La perla de la corona fue la invención de competencias sin competidores. En la universidad Dickinson, en Carlisle, Pensilvania, el equipo de nadadoras realizó un “encuentro de natación virtual” con el famoso instituto Bryn Mawr College, en Pensilvania, situado a unos 200 kilómetros de distancia. Cada equipo nadó en la piscina de su universidad, y luego comparó tiempos para determinar las ganadoras.
“Ahorramos cerca de 900 dólares al suprimir los viajes en autobús”, proclamó orgulloso William G. Durden, presidente de Dickinson. (Un gracioso propuso que la práctica se extendiera a las relaciones amorosas, pero, afortunadamente, la idea no prosperó).

LA TORTURA DE LOS MIL CORTES

También los estados norteamericanos decidieron ahorrar, y sus autoridades descubrieron ingeniosas maneras de aumentar el peligro en las calles, arruinarles a los jubilados sus paseos dominicales y a las parejas la posibilidad de traer nuevos habitantes al mundo. Todo aquello que pudiera afectar la calidad de la vida fue sometido a un riguroso, a veces implacable escrutinio.
            En California, un estado que enfrentó en el año fiscal del 2010 un déficit de 24.000 millones de dólares, el entonces gobernador Arnold Schwarzenegger propuso dejar en libertad a millares de presos antes del cumplimiento de sus condenas, y cerrar más de 200 parques estatales.
En Hawai, los empleados estatales debieron aceptar licencias sin goce de sueldo de tres días por mes durante un lapso de dos años, equivalentes a una disminución de un 14 por ciento en el salario.
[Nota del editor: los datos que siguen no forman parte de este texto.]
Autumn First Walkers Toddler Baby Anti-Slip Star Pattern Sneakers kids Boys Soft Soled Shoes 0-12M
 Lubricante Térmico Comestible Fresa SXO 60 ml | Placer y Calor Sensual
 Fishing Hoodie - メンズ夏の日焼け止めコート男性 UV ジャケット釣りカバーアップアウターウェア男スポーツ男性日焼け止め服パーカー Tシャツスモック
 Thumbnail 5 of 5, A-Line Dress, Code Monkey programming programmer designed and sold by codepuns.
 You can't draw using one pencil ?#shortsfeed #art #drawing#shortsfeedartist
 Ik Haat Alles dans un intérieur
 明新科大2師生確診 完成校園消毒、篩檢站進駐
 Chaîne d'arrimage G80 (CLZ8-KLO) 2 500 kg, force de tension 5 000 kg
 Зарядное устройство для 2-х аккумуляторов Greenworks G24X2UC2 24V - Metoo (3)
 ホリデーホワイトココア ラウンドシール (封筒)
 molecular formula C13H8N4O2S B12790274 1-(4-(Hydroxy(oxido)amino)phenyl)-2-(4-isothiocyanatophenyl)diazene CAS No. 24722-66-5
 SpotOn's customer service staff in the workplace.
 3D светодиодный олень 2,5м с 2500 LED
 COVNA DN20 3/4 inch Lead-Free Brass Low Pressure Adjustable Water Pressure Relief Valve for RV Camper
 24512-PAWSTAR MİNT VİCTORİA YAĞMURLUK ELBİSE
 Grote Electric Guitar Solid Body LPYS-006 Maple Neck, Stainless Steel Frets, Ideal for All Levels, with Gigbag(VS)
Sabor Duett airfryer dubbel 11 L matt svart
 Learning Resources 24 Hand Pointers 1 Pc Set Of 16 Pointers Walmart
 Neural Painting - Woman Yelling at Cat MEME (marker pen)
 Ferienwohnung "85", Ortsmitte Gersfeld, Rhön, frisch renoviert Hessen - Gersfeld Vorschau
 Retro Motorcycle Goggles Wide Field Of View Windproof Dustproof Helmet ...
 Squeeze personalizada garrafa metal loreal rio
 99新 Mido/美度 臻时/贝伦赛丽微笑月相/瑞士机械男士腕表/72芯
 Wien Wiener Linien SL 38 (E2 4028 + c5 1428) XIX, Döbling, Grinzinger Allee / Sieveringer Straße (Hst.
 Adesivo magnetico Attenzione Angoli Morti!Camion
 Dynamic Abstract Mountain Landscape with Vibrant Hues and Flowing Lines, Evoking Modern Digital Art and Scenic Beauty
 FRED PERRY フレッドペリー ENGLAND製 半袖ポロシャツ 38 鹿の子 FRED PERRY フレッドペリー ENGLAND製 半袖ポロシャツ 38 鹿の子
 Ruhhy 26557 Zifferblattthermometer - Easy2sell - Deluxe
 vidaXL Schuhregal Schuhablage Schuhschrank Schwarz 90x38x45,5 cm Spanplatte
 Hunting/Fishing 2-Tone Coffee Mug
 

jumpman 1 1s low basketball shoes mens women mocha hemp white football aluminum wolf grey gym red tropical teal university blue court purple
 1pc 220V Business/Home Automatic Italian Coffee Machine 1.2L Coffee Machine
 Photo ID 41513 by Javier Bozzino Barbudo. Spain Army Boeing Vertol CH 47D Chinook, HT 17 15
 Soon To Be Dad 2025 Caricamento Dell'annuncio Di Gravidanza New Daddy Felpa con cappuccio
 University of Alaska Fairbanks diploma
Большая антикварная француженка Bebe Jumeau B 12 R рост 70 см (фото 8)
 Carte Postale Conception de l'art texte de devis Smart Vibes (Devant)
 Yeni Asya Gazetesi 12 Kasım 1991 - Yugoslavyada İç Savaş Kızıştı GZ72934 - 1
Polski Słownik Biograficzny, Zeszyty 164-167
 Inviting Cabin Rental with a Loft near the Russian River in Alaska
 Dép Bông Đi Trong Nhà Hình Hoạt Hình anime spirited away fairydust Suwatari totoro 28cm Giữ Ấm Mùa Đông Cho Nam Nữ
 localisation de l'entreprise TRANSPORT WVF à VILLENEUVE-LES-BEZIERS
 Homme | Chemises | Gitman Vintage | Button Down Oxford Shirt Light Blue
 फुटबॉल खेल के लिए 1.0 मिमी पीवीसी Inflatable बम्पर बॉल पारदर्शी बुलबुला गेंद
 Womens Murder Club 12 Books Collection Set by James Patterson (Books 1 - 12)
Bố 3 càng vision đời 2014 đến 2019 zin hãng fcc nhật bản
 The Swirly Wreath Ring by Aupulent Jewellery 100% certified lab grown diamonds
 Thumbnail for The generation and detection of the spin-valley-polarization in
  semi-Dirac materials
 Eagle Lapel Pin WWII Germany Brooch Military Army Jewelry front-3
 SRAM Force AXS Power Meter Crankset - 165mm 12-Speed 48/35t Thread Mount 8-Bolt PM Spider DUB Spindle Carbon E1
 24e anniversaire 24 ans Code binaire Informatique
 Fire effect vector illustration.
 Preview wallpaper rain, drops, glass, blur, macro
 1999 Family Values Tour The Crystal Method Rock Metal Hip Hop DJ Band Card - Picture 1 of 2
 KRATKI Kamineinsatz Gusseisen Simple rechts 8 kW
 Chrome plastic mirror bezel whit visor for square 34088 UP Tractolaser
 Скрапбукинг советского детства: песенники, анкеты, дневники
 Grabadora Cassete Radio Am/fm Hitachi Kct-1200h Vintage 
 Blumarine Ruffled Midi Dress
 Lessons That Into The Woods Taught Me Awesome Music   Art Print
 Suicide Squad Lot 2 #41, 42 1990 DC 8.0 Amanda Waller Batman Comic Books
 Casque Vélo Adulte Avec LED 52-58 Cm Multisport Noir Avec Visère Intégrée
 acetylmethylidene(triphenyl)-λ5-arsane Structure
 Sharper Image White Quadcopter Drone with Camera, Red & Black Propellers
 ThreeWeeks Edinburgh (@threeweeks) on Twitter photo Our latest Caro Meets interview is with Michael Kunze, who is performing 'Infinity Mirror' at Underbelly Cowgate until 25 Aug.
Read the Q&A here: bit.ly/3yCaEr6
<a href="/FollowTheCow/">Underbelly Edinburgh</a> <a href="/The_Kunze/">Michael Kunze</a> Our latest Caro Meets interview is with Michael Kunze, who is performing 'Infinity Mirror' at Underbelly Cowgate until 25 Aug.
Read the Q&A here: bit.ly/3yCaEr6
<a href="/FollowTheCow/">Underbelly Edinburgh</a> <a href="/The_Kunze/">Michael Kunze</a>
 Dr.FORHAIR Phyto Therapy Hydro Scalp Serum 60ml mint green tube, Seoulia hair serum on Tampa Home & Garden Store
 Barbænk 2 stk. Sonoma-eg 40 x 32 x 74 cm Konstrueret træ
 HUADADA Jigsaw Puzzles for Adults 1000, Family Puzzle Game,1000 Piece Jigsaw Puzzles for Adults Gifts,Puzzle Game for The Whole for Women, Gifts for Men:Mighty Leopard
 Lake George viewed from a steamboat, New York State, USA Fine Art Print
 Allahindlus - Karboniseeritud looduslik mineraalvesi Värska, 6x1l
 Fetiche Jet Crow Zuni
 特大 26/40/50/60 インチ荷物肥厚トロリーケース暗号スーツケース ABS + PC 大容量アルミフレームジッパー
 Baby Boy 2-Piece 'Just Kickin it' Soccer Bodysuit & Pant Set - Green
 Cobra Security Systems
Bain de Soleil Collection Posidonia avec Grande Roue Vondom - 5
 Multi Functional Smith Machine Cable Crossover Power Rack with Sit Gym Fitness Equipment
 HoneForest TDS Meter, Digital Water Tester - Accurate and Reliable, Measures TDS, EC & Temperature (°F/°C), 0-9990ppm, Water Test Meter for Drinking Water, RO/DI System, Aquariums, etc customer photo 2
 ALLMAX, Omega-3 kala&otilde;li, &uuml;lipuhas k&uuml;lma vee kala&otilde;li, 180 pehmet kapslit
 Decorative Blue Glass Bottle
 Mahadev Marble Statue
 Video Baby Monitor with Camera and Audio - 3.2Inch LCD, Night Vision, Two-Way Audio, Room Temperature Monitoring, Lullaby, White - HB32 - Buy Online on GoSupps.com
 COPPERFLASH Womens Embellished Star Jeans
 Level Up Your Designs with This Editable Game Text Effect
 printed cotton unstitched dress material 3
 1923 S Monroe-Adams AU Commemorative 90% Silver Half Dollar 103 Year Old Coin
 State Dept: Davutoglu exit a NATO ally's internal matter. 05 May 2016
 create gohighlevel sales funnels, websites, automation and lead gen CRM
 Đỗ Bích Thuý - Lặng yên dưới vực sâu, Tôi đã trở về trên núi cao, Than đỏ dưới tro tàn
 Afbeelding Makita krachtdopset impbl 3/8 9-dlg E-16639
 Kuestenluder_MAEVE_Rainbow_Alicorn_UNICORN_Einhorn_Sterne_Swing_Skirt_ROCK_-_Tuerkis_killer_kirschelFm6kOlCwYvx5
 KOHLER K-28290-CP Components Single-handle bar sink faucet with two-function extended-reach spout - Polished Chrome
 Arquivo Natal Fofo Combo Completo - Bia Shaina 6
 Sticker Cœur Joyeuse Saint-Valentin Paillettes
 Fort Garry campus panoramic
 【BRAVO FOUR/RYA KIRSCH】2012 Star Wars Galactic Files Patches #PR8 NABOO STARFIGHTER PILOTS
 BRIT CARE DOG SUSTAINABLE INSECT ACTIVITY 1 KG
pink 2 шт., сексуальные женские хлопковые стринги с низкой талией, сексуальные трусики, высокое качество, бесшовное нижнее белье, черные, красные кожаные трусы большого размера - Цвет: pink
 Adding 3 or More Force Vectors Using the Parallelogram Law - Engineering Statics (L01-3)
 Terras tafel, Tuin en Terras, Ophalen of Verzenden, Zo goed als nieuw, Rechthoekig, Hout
En Idaho, la legislatura redujo la ayuda a las escuelas públicas por primera vez en décadas, y aprovechó para cercenar el sueldo de los maestros.  
Oklahoma acortó las horas de atención de museos y de sitios históricos, el estado de Washington echó a miles de maestros, y el de New Hampshire puso a la venta sus 27 parques estatales.  
Y en un ejemplo “de los incontables pero dolorosos cortes” de presupuesto que se llevaron a cabo, dijo The New York Times, “Illinois anunció que cesaría de manera temporal la entrega de unos 15 millones de dólares al año para financiar unos 10.000 funerales de indigentes”. De esa manera, los pobres de Illinois no tenían, literalmente, donde caerse muertos.  
La crisis afectó a millones de familias. Pese a su demoledora intensidad, no se prolongó más de dos años, a diferencia de la Gran Depresión, que duró 11 años. Tal vez debido a eso, no produjo demasiadas novelas, o al menos, nada que se pueda comparar con Viñas de Ira, de John Steinbeck, o con El camino del tabaco, de Erskine Caldwell. Pero ambas son novelas costumbristas, muy tradicionales. Quizás la crisis de comienzos del siglo veintiuno necesita otro enfoque, más cercano al horror o a la ciencia ficción. Recuerdo que pasé parte de la crisis con mi esposa, Laura, en Miami. Vivíamos al principio en Sunny Isles, cerca del  complejo edilicio Trump Towers, tres majestuosas torres, ubicadas muy cerca del mar. Según el folleto impreso en papel satinado, cada una de las Trump Towers contaba con 45 pisos y unos 300 apartamentos. Los precios de oferta inicial iban desde 650.000 dólares a cuatro millones de dólares. No había muchos interesados en gastar semejantes sumas. Al menos en esa época.
Durante varios meses, los residentes del área pudieron observar en la torre número uno alrededor de 15 apartamentos iluminados. En la torre número dos, apenas unos ocho. Pero la torre número tres parecía ser la sede del fantasma de la Ópera: no había un solo apartamento iluminado. ¿Qué hacía en la torre tres ese ejército de empleados, desde el conserje hasta el personal de limpieza, cuya misión era atender a los inexistentes huéspedes? ¿Cómo se sentían en esas lujosas cárceles los valets de estacionamiento que debían estar a la orden 24 horas por día con la exclusiva intención de no aparcar vehículo alguno?   
¿Cuántas novelas pueden escribirse usando esos tres edificios como setting.? La modernidad de la construcción invita a un narrador especializado en ciencia ficción, y la ominosa majestad de los edificios, a una novela de horror.  Dean Koontz, un excelente narrador de suspense, demostró en 77 Shadow Street las sorpresas que le depara una antigua mansión a un escritor con buena imaginación. En 77 Shadow Street se suceden los episodios de locura, de suicidio, y de asesinatos en masa.  
¿Qué secretos albergaban las Trump Towers de Sunny Isles? Esos condominios tenían servicios de seguridad que no protegían a nadie, entrenadores en gimnasios absolutamente vacíos, ascensoristas que nunca recibían pasajeros, y encargados de acicalar ventanas inmensas que iban del piso al techo y de pared a pared. Y eso sin descuidar los salvavidas que montados en sus altas torres vigilaban con binoculares para evitar que algún nadador, quizás originario de edificios vecinos, se ahogase en su playa.
Esos edificios continuaron atendidos de manera inmaculada durante meses, quizás años, por un ejército de empleados cuyo único plan era evitar el menor deterioro mientras aguardaban el momento en que fuesen habitados por seres humanos, no por fantasmas. Pero entre tanto, ¡qué oportunidad para un buen narrador de poblar esas estructuras de fantasmas!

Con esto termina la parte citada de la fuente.